● **EXERCISE BRIEF**:
Could you transcribe all of the data exactly and skip any pictures?
━━━━━━━━
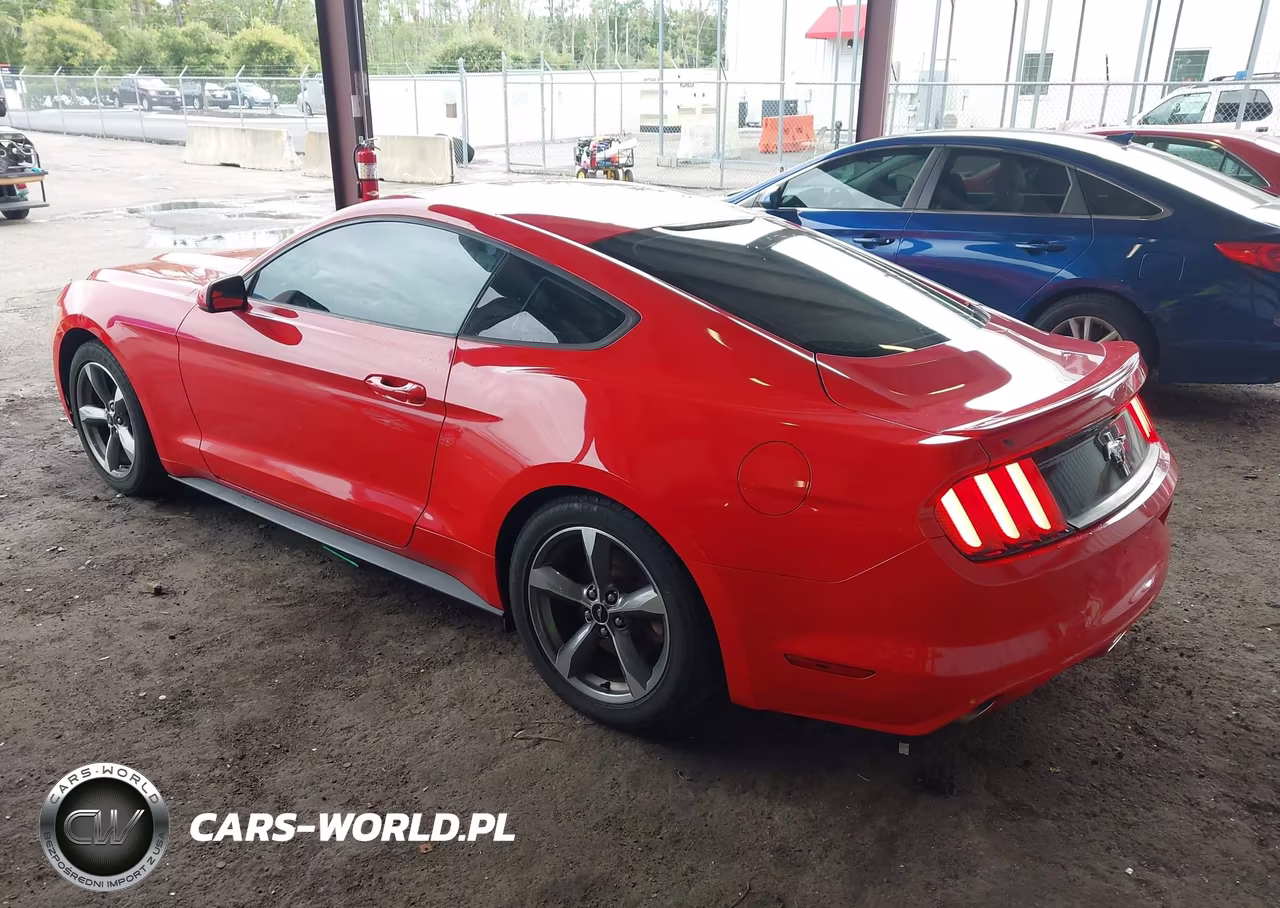 2016 Ford Mustang V6 VIN:1FA6P8AM7G5280928 - 3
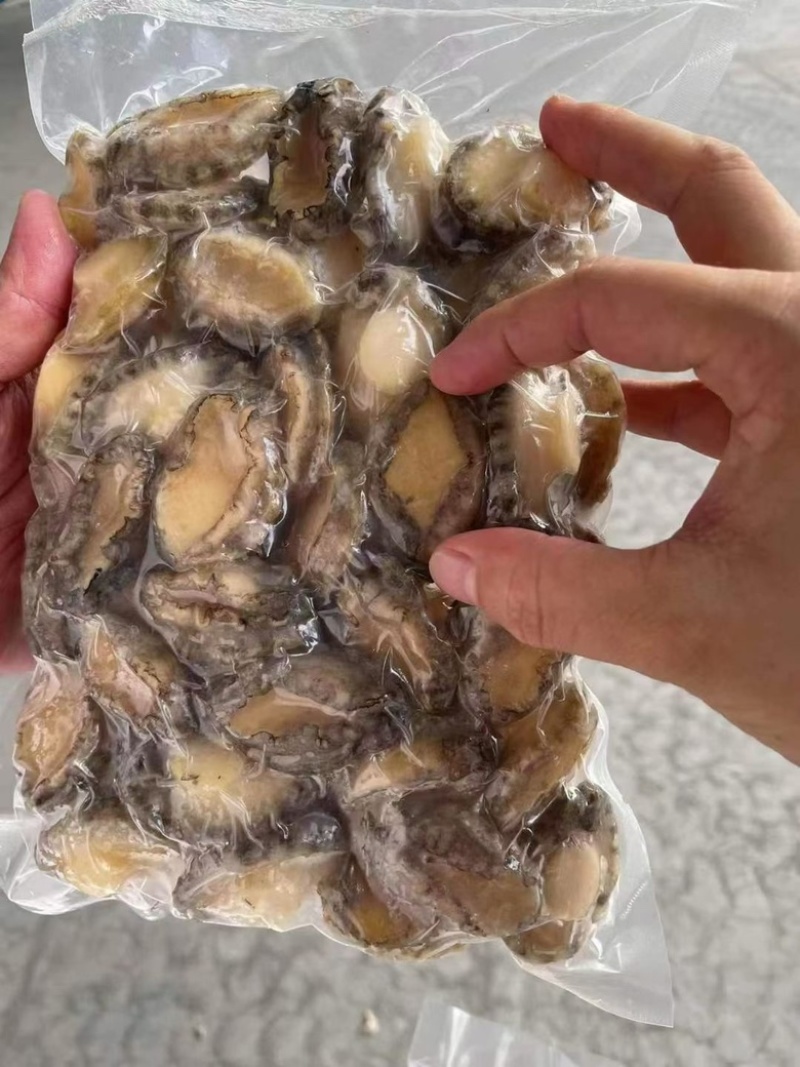 鲍鱼肉冷冻鲍鱼肉免处理鲍鱼肉捞汁小海鲜食材鲍鱼肉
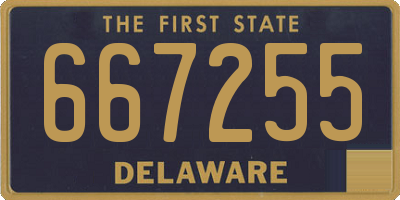 DE license plate 667255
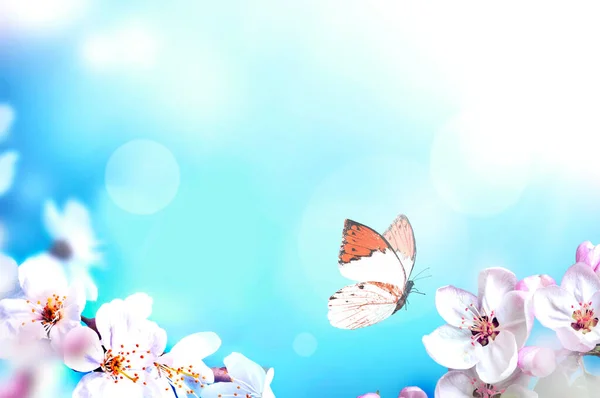 青い背景と蝶の上に花の枝 春のコンセプト — ストック写真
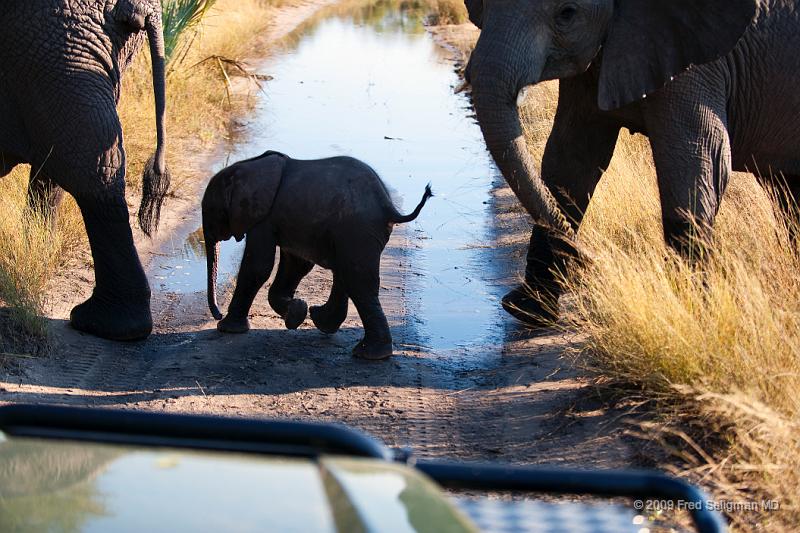 20090614_085053 D3 (1) X1.jpg - Following large herds in Okavango Delta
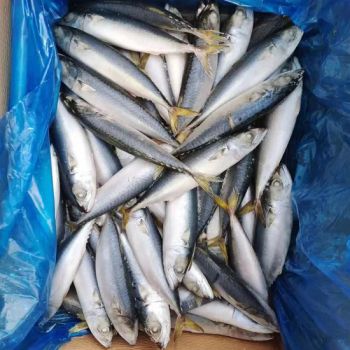 Wholesale Price Competitive Products Fresh Mackerel Fishing Frozen Whole Live IQF Pacific Mackerel - Rizhao Primega Foods Co.,Limited - China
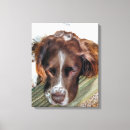 Search for english springer spaniel art Pets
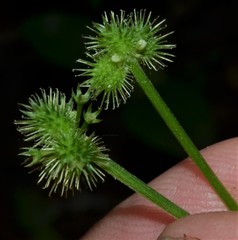 Sanicula smallii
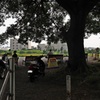 多摩川 初夏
━━━━━━━━
● **RESPONSE AREA**:
 2016 Ford Mustang V6 VIN:1FA6P8AM7G5280928 - 3
 鲍鱼肉冷冻鲍鱼肉免处理鲍鱼肉捞汁小海鲜食材鲍鱼肉
 DE license plate 667255
 青い背景と蝶の上に花の枝 春のコンセプト — ストック写真
 20090614_085053 D3 (1) X1.jpg - Following large herds in Okavango Delta
 Wholesale Price Competitive Products Fresh Mackerel Fishing Frozen Whole Live IQF Pacific Mackerel - Rizhao Primega Foods Co.,Limited - China
 Search for english springer spaniel art Pets
 Sanicula smallii
 多摩川 初夏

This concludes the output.